Heres an AL ATP3 satisified customer 
love the bass absolutely love it for sure ,although my parents are fed up with it 
being an electronic music fan the woofer needs to be good and this one rocks for me


----------



## djmykey (Jul 21, 2006)

@Techno - I dint know u had these spks 

I am a satisfied (read thouroughly satisfied) customer of this spks. I have them since Jan 2003 and am still enjoying it. Had bought it for 3800 but hey no regrets no one can give me that experience that I've had these many years.

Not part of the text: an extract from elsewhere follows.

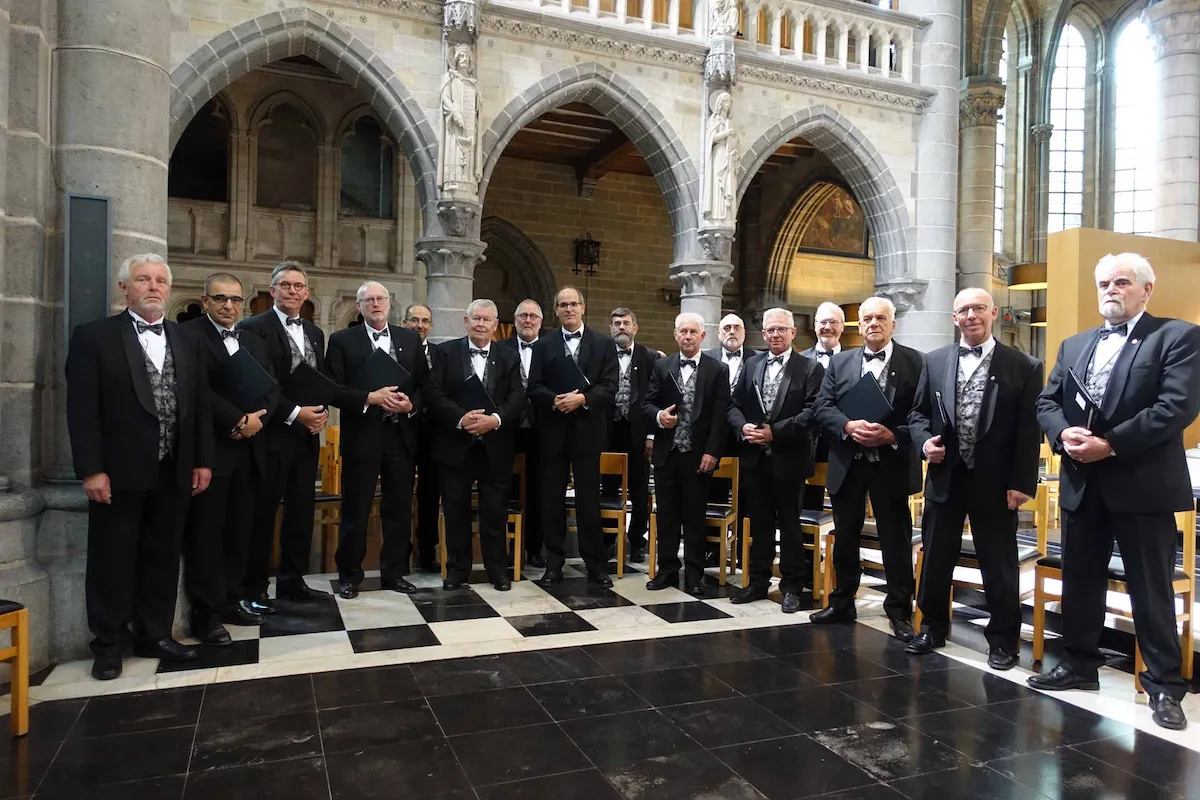 mk arch luit ieper 2017 aangepast kopie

So enjoy man!!


----------



## amrit1 (Jul 23, 2006)

please try to put prices also cos after reading your review i wanna buy any of these {cheaper one}


----------



## mastery20 (Aug 15, 2006)

what about altec lansing 5.1. whether its performance is good or not .thanx


----------



## Chirag (Aug 16, 2006)

Altec Lansing 5.1?????
Which model?


----------



## SolidSnake (Aug 16, 2006)

Thanks a lot Hermit for the review. I'll keep it in mind incase I buy a new set in future.


----------



## mastery20 (Aug 26, 2006)

Chirag said:
			
		

> Altec Lansing 5.1?????
> Which model?



model is series100


----------



## Stick (Aug 27, 2006)

Hermit,

Can you please give full address & Telephon Number of *Sweta Computers and Peripherals* if it is in Mumbai?


----------